------ DATA UNDER STUDY ------

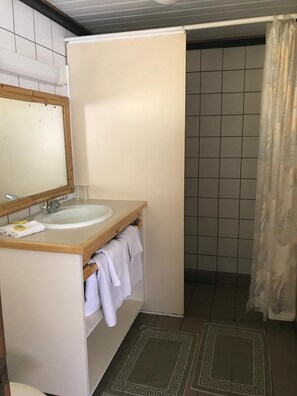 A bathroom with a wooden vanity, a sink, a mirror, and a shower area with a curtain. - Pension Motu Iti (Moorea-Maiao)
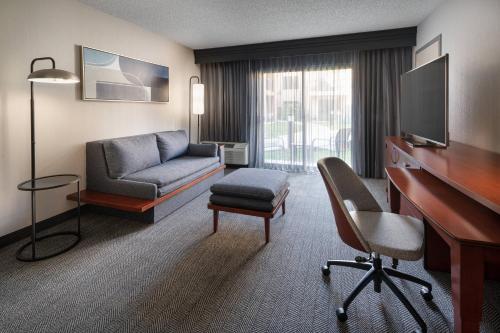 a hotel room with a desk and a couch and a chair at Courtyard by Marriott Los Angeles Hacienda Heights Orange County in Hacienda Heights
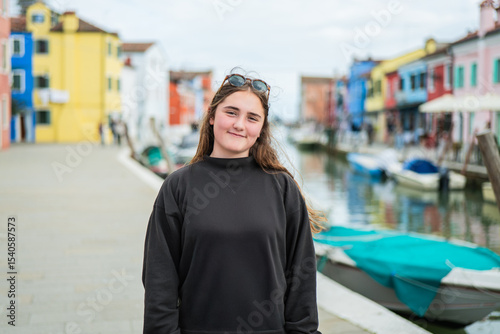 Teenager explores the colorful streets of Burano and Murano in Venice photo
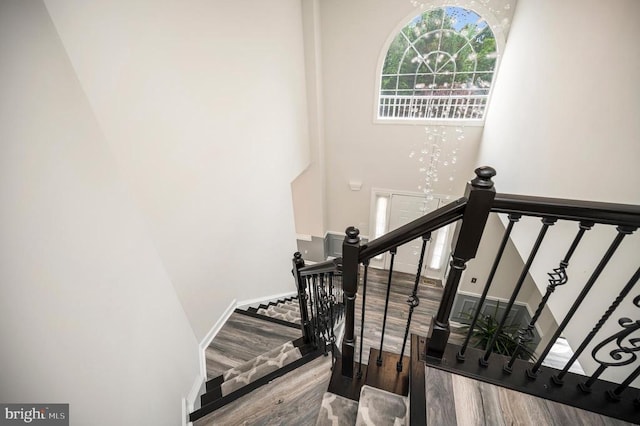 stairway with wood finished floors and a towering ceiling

------
------ DATA UNDER STUDY ------

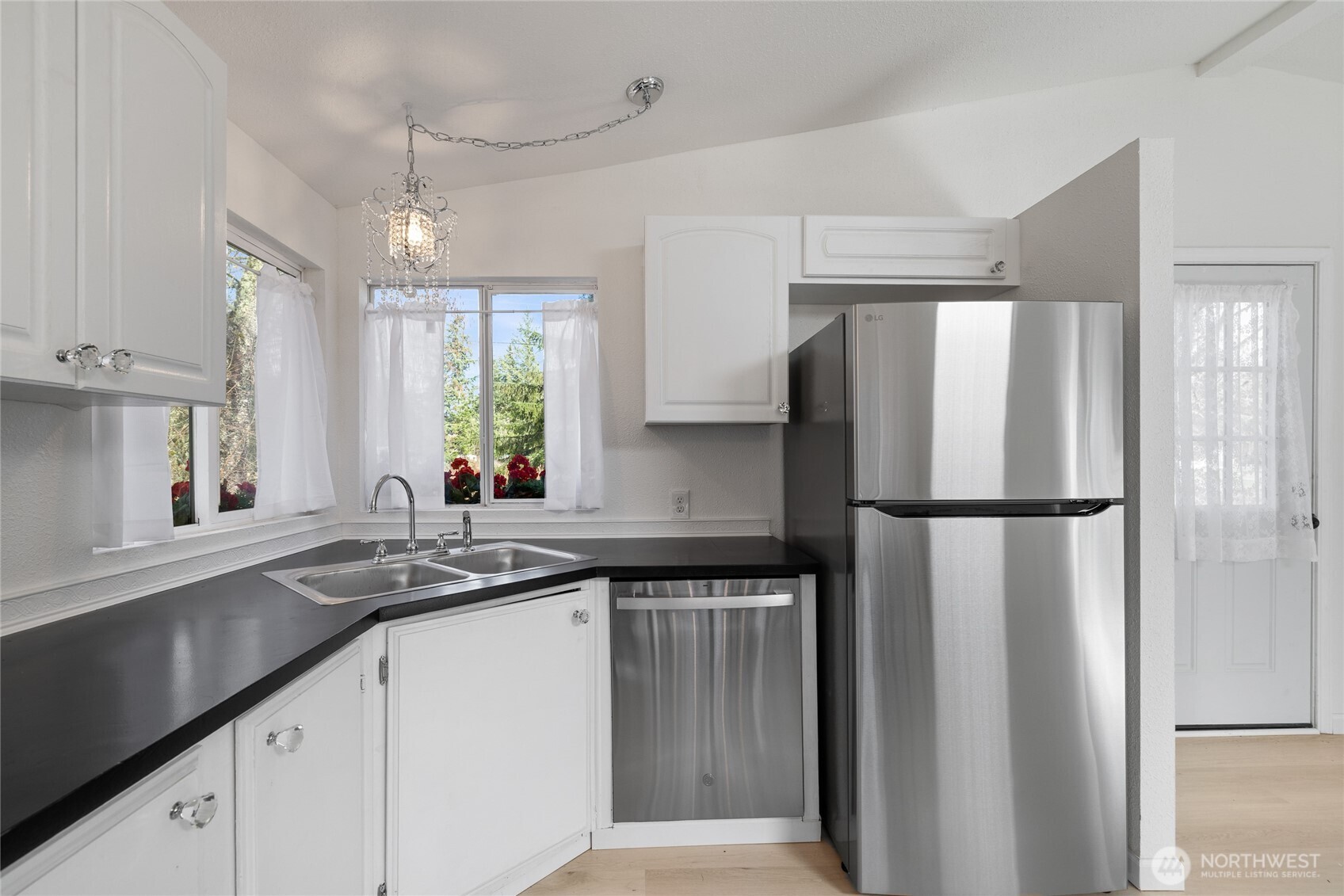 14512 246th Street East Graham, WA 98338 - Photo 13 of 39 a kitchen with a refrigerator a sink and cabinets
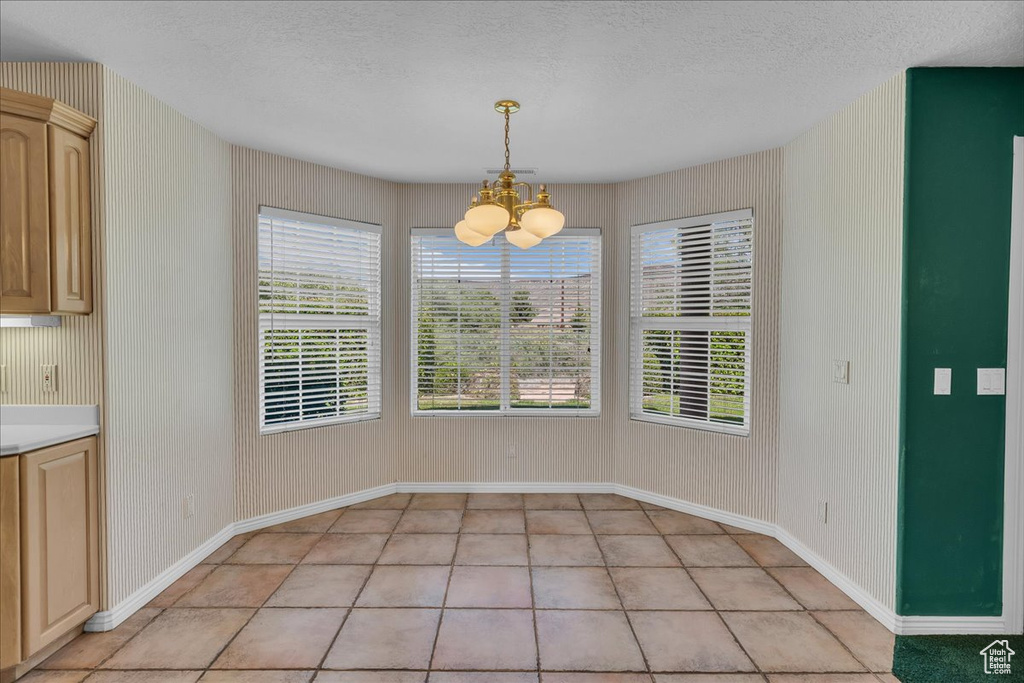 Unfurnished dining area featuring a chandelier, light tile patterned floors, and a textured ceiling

------
------ DATA UNDER STUDY ------

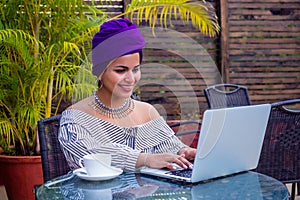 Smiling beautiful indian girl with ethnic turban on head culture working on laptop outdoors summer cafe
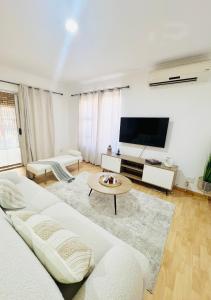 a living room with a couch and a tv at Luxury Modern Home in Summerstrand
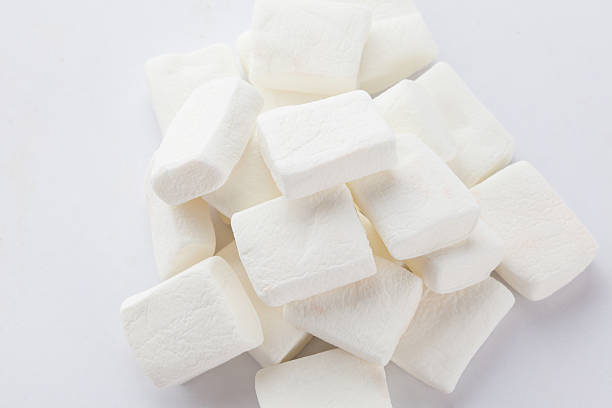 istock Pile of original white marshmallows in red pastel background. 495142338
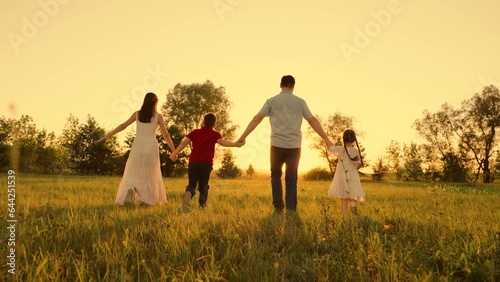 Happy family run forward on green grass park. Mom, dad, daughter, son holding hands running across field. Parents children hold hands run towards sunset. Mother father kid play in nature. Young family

------

WHAT IS NEEDED » Copy needed, without pictures: the lines of the listing above from the line containing "a hotel room" up to and including the line containing "stairway with wood", set down exactly.

TASK ANSWER »
 a hotel room with a desk and a couch and a chair at Courtyard by Marriott Los Angeles Hacienda Heights Orange County in Hacienda Heights
 Teenager explores the colorful streets of Burano and Murano in Venice photo
 stairway with wood finished floors and a towering ceiling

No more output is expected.